Does any one know what algorithm Youtube uses to automatically remove content ID music from an audio clip?

Before removal
After removal

Both video were recorded and processed under the same procedure, and then one video went through Youtube’s audio removal while the other didn’t. The source was recorded from AV cables, so there are obviously noise from that plus artifacts of the audio compression among other things.

As you can see, even though the foreground effects become somewhat muffled, Youtube was able to remove the artifacts of the background music completely. I think the result is amazingly good because I can still hear everything in the foreground perfectly. What kind of audio processing did Youtube use to achieve that result?

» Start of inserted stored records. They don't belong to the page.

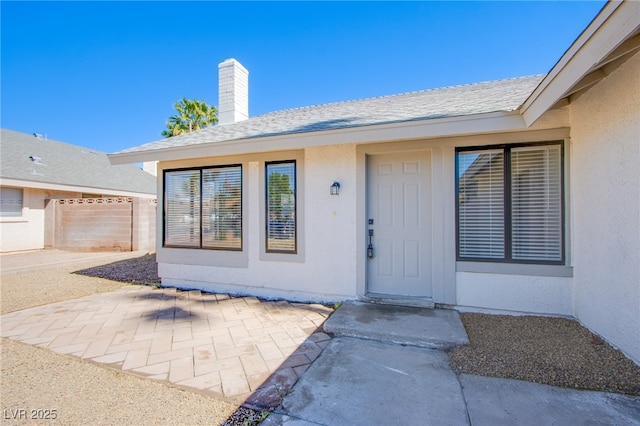 3118 Floral Vista Ave, Henderson, NV 89014 - view of exterior entry featuring stucco siding, roof with shingles, a chimney, and a patio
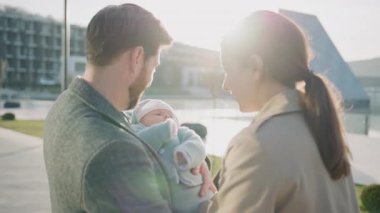 Gün batımında anne ve baba yeni doğmuş bebeği ellerinde tutarak birlikte oynuyorlar. Gülümseyen mutlu hisseder. Sokakta açık havada. Yavaş çekim
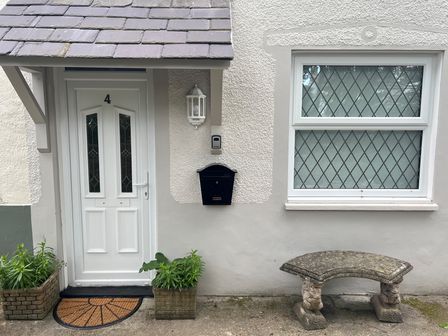 A white front door with number 4 a black mailbox two plant pots and a stone bench with a window at 4 Railway Terrace in Conwy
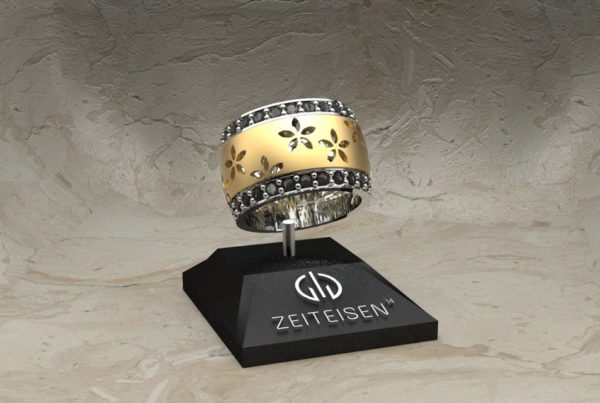 Bicolor-Ring aus Weiß- und Gelbgold mit schwarzen Diamanten
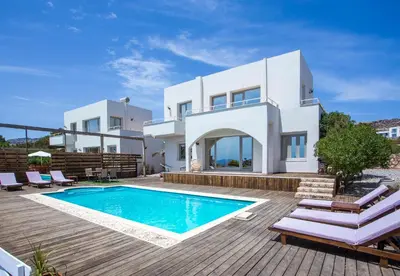 a villa with a swimming pool in front of a house at Spilia Bay Villas in Pefki Rhodes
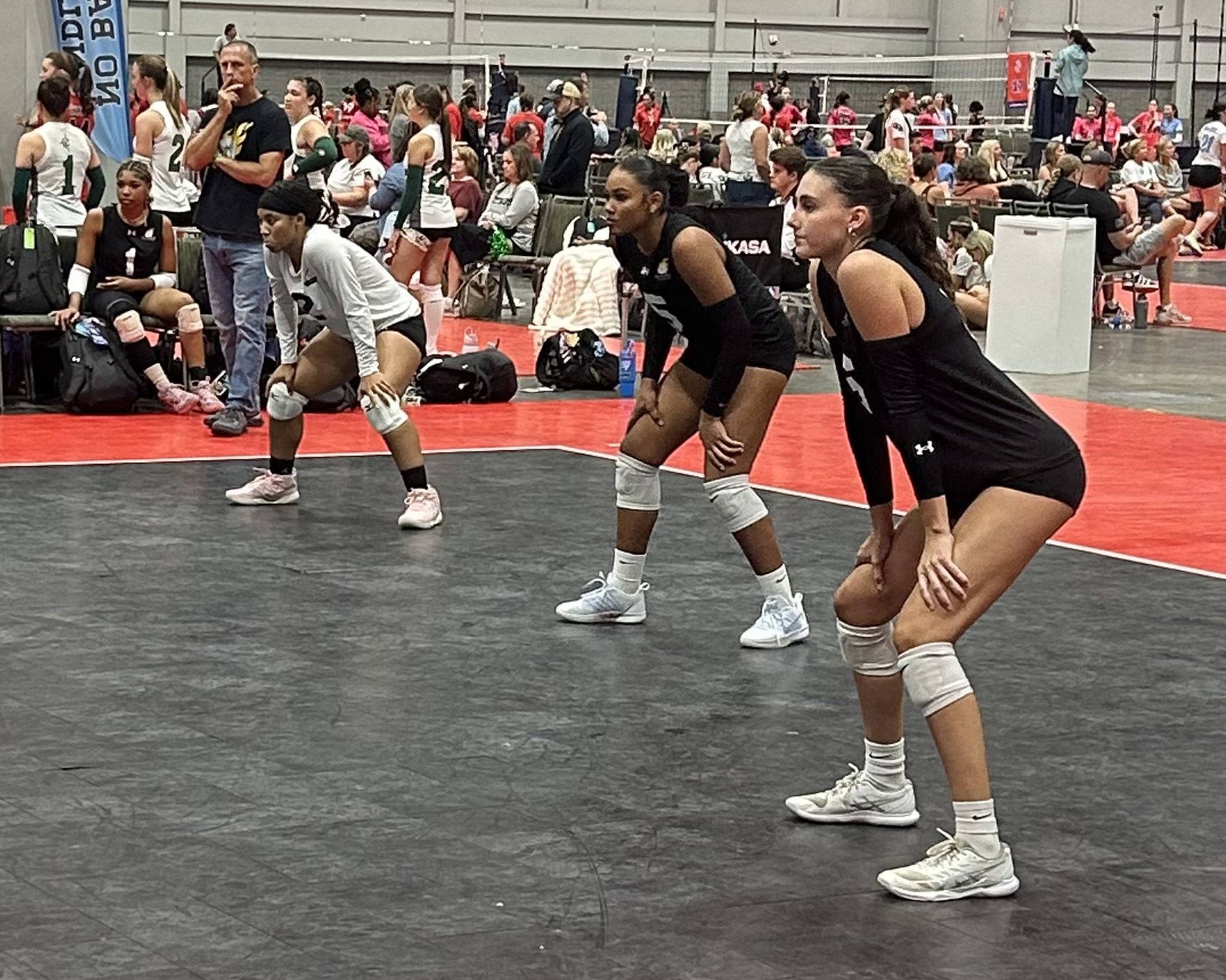 Island Heat 16-1, #2 Aryana Tutein, #5 Anna-Marie Figueroa, and #6 Ava Whitworth prepare to receive the serve in their match against GSA 16 National at the 2026 AAU National Volleyball Championships. (Photo by Mark J. Daniel)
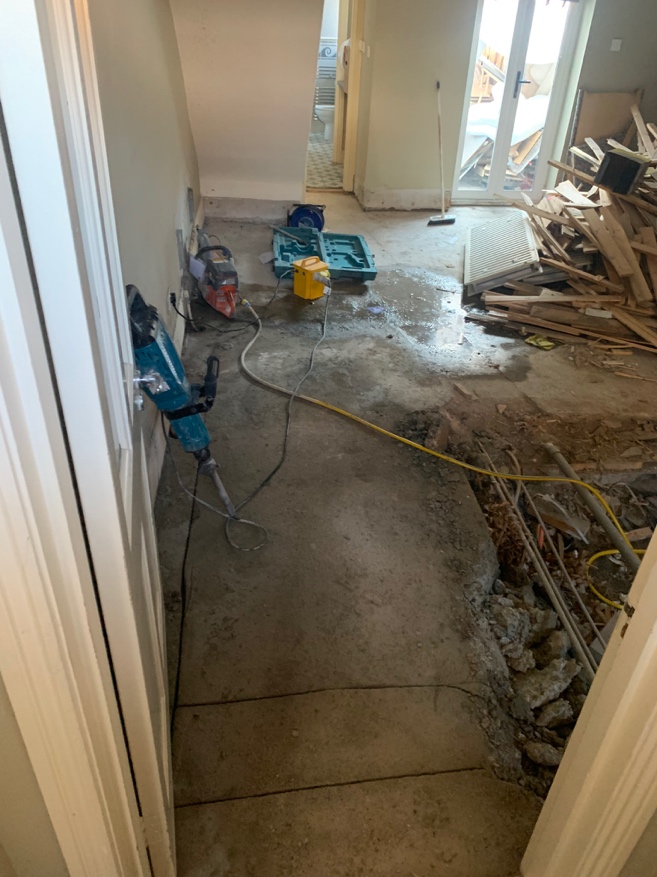 Concrete floor broken up for drainage alteration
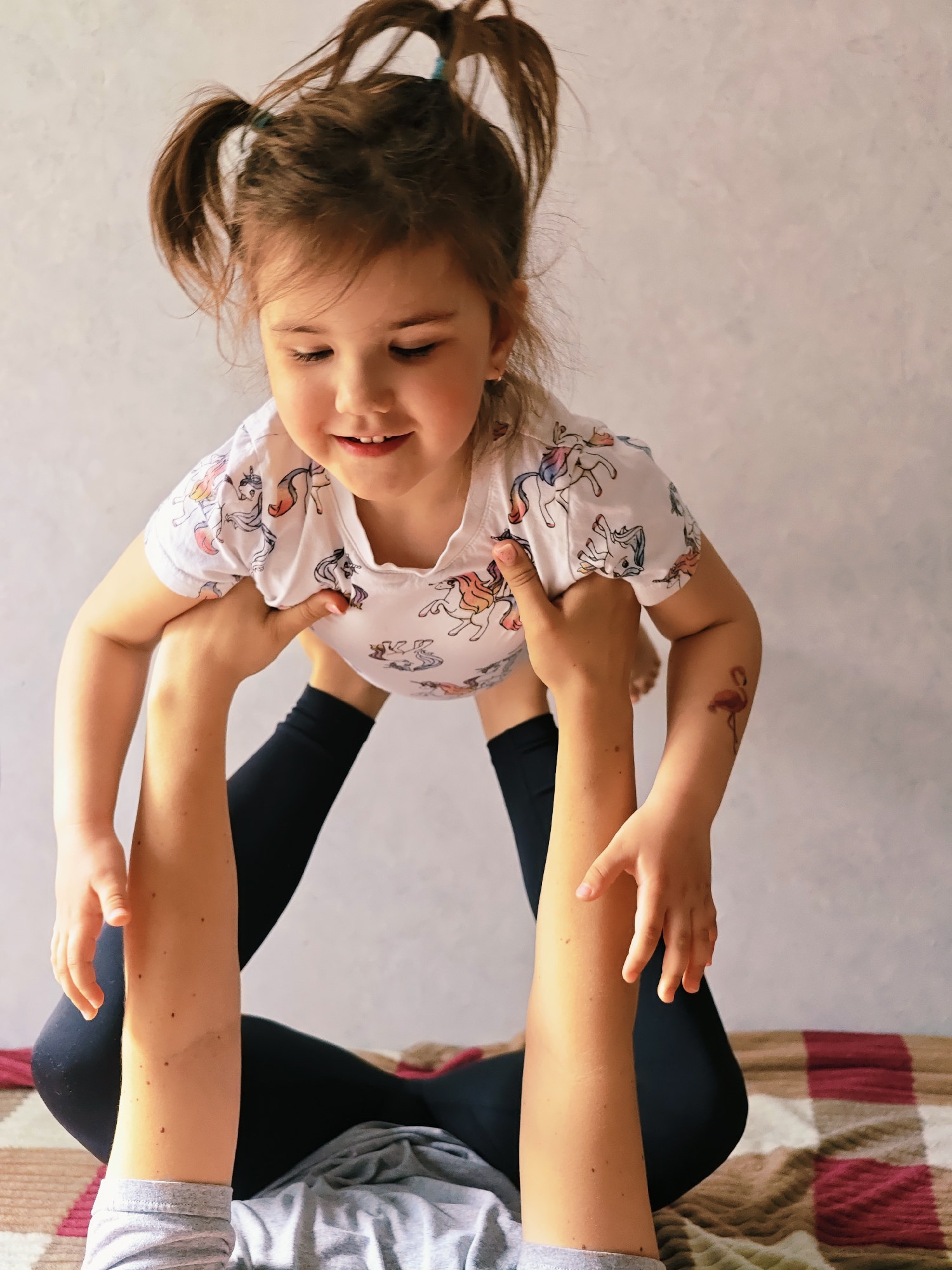 A young girl in a unicorn-printed white t-shirt is being held aloft by an adult. The adult is sitting on a striped blanket wearing black leggings and a gray top. The girl has brown hair in pigtails and a flamingo tattoo on her right arm. The background is a plain light wall. This photo appears to be taken indoors. The city of Chaikovsky, Russia, is not discernible from the visual data.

Obviously Youtube has the source music track in their hands so they were able to match the content ID, so how do they use that to filter out my background music?

This is not an Audacity problem.

Moved to Audio Processing.

If you invert a copy of audio against the original, the original can cancel out, if identical and identically aligned.

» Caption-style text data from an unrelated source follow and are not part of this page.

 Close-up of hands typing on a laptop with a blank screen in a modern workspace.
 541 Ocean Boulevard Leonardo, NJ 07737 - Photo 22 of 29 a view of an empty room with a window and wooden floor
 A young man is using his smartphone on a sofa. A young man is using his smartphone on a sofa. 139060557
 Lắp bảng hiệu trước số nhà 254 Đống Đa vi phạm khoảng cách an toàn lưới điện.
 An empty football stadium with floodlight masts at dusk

The answer is quite simple.

It’s all digitally generated content. The “music” is stereo, the sounds are perfect mono, perfectly in the middle.

A polarity inversion on the stereo part will cancel it perfectly and leave very little trace on the mono sounds.

And since the “music” is very repetitive, there’s only a small sample to treat and then it’s just repetition.

If you would try this with real music and a real singer, it would be very much harder…

The algo is the same as Audacity’s, but probably with some AI help from Google. The AI would tune it automatically, in Audacity you have to tune manually.

Yeah I remember doing the split to mono inversion technique, but I don’t think that’s the whole story here.

Here’s another example where I used music where there’s singing involved, and again they were able to just remove the music while keeping foreground audio.

The track that was removed was this one

I downloaded the music and did the split mono inversion technique in Audacity, but the music was still obviously audible, both the beats and the singing. Only a small part of the singing was removed.

Again somehow Youtube was able to do it somehow, and I don’t know how they did it.

If you are wanting to circumvent YouTube’s anti-piracy policy, then we are not able to help you. Youtube have various methods of combating piracy because using copyrighted music / video without the copyright holder’s permission is illegal in many of the countries in which YouTube operates.

If you are interested in the technical details of how YouTube operate, it would be more appropriate to ask them ( rather than us. At best we can only speculate about what techniques they may use.

How did you read my message and come to that conclusion? I hope I didn’t give off that vibe because that’s not what I am interested in.

What I want to learn how they separate background music from foreground music with very good precision. It’s the holy grail I have always been searching for.

I even made another topic on this a while ago before I learned of Youtube’s ability to automate this process.

Just checking :wink: We do get people asking how to do such things, and often the question is “disguised” to sound “innocent”.

I am thinking about the opposite of circumventing the copyright policy. I’m thinking it would be awesome if YouTube would help someone comply - by filtering some copyrighted music from the background of a video where they didn’t notice it, but the copyright algo catches it. Like if I’m getting video of my friend on the street, but someone is playing a radio loudly in the background. It would be really great if you could select “remove copyrighted audio” - and have it filter for just that.